PROBLEM REQUIREMENTS –
Set down the whole listing below exactly, without pictures.

INPUT DATA –
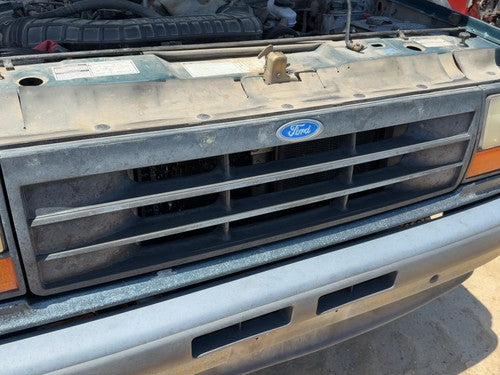 91-94 Ford Explorer 2 Dr Front Grille Assembly Painted Exc Limited OEM F1TZ8200A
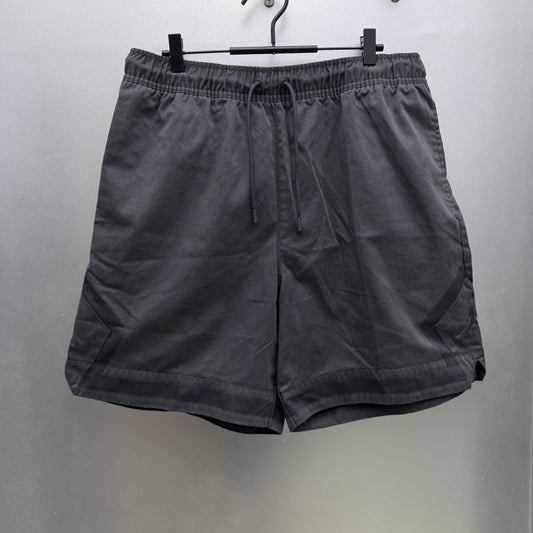 Jordan Essentials Statement Swoosh Diamond Shorts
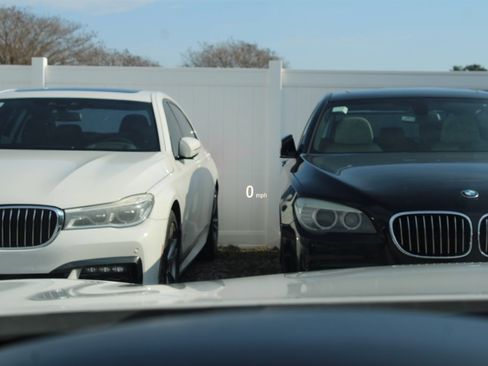 Used 2014 BMW 750Li image 24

RESULT OF THE EXERCISE –
 91-94 Ford Explorer 2 Dr Front Grille Assembly Painted Exc Limited OEM F1TZ8200A
 Jordan Essentials Statement Swoosh Diamond Shorts
 Used 2014 BMW 750Li image 24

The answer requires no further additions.